Евгения кивнула головой. У нее заныл живот. Должно быть, так подействовали на нее «страшилки» из адвокатской копилки.

– Вы должны понимать, что чуда ждать не стоит и оправдать вас при том, что вы совершили наезд и сбили пешехода, а потом оставили его на дороге, не оказав помощи, не получится. Наша цель – минимизировать последствия: снизить срок наказания.

– Я понимаю. Но зачем вы мне это объясняете? Хотите отговорить меня идти в милицию с повинной?

– Я хочу лишь, чтобы вы потом не жалели о своем поступке. Как я поняла, у вас есть реальный шанс остаться безнаказанной.
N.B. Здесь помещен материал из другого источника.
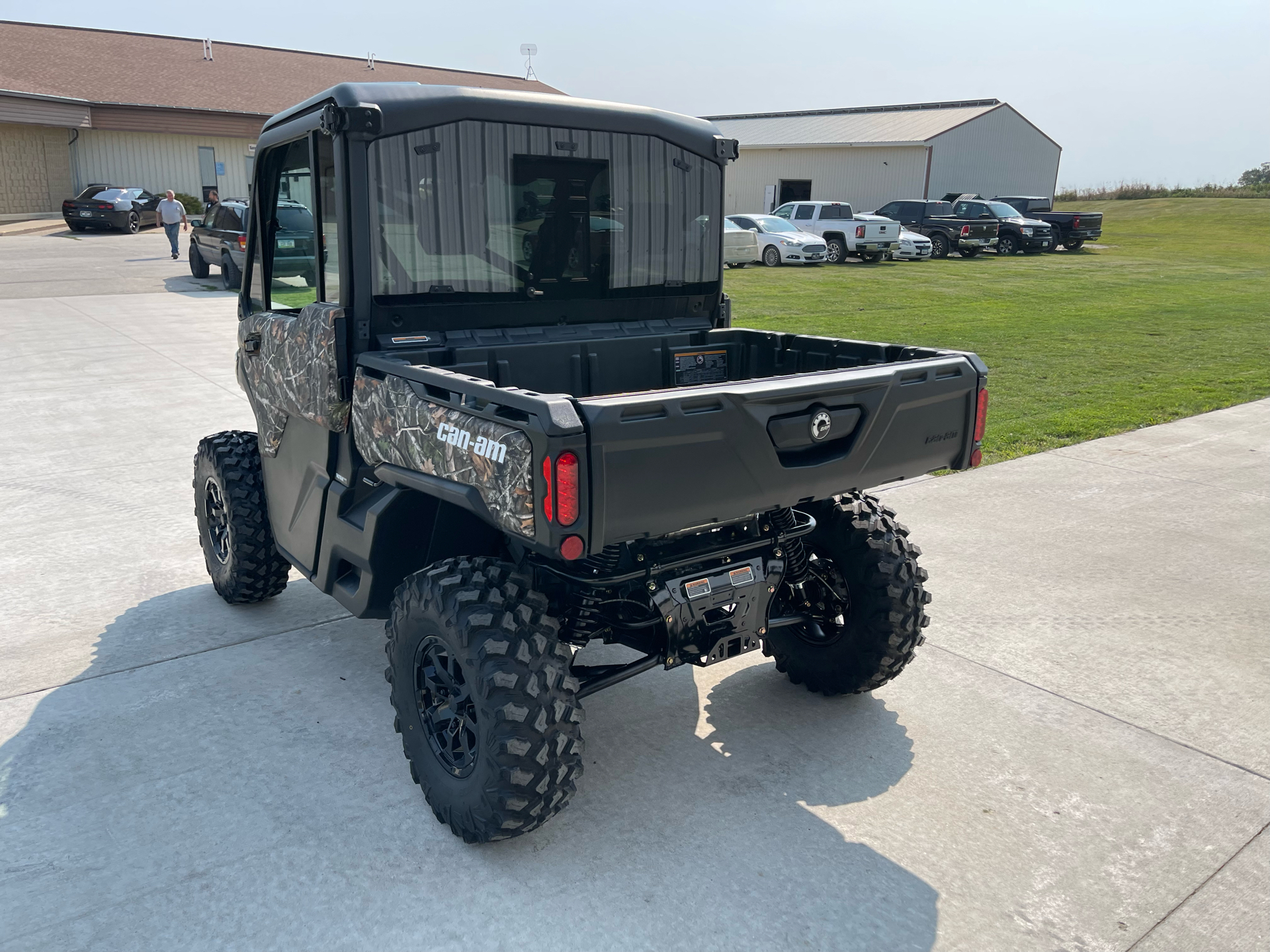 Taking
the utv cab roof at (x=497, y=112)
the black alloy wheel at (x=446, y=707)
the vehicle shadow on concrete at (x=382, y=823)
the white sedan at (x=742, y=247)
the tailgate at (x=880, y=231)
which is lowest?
the vehicle shadow on concrete at (x=382, y=823)

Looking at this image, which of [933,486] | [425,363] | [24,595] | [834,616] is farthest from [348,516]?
[933,486]

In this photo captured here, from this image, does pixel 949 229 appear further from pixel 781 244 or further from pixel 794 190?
pixel 794 190

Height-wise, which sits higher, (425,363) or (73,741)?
(425,363)

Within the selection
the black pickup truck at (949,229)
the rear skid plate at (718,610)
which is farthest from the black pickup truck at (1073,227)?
the rear skid plate at (718,610)

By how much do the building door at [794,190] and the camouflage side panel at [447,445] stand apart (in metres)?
44.7

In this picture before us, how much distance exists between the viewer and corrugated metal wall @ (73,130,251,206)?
1467 inches

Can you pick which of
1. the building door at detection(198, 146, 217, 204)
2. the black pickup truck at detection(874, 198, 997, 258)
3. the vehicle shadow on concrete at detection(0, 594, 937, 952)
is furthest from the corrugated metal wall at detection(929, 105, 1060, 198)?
the vehicle shadow on concrete at detection(0, 594, 937, 952)

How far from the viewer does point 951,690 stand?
431cm

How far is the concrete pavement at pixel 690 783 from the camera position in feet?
9.52

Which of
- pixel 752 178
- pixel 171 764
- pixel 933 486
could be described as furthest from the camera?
pixel 752 178

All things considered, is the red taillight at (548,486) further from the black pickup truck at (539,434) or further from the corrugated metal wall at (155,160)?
the corrugated metal wall at (155,160)

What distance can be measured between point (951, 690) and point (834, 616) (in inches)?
25.8

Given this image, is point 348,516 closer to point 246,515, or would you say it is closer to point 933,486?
point 246,515

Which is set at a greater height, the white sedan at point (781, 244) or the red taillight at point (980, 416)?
the white sedan at point (781, 244) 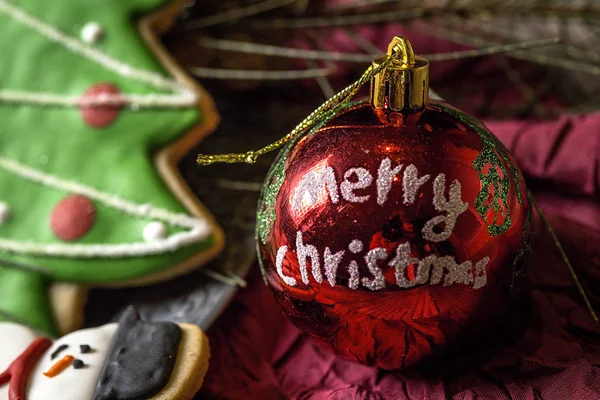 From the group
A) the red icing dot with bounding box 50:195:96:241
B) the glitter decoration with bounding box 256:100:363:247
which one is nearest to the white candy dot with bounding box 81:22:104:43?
the red icing dot with bounding box 50:195:96:241

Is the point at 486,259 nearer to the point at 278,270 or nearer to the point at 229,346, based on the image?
A: the point at 278,270

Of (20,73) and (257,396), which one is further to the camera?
(20,73)

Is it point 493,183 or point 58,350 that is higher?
point 493,183

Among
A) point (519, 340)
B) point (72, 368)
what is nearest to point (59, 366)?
point (72, 368)

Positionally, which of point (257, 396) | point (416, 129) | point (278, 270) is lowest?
point (257, 396)

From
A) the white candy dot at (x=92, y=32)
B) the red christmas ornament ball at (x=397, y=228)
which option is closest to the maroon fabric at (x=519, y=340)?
the red christmas ornament ball at (x=397, y=228)

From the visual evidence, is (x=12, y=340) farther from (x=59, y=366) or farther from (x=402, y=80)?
(x=402, y=80)

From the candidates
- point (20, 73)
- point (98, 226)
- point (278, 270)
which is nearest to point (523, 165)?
point (278, 270)
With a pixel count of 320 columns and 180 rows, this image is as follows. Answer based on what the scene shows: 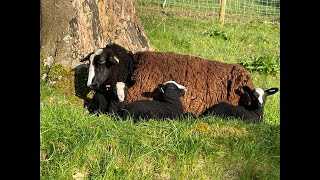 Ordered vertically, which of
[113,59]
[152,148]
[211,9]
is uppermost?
[211,9]

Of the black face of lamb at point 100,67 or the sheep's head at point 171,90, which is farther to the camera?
the black face of lamb at point 100,67

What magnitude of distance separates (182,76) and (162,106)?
95 cm

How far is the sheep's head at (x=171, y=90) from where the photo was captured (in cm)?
682

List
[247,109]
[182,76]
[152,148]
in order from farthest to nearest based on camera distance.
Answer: [182,76], [247,109], [152,148]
Ответьте себе на вопрос: зачем вы все это делаете? Какова ваша цель?

– Ну, уж конечно, не желание сесть в тюрьму, – вяло улыбнулась Евгения. – Может, это звучит старомодно, но я хочу снять груз с души. Хочу, чтобы все было как раньше.

– Так, как раньше, все равно не будет, – предупредила адвокат. – У вас появится судимость.

– Вы замечательно меня утешаете! Но я подготовила себя к тому, что может произойти. Хочу снять с себя этот грех.

– Вы верите в бога?

– О, это очень личный вопрос! Не знаю, что и сказать. Если бы я была примерной христианкой, вряд ли бы тогда оставила девушку истекать кровью на дороге.

– Все мы ошибаемся.

– Вот я и хочу исправить эту ошибку. А там – будь что будет!


Явка с повинной была оформлена в тот же день, в присутствии ее адвоката. Следователь, заполнявший бумаги, вряд ли понимал, чем руководствуется странная женщина, наговаривая на саму себя дело, идущее под статью, но до поры до времени ни о чем ее не спрашивал, только сверлил Женю и адвоката недобрым взглядом. Должно быть, он дожидался какого-то подвоха с их стороны.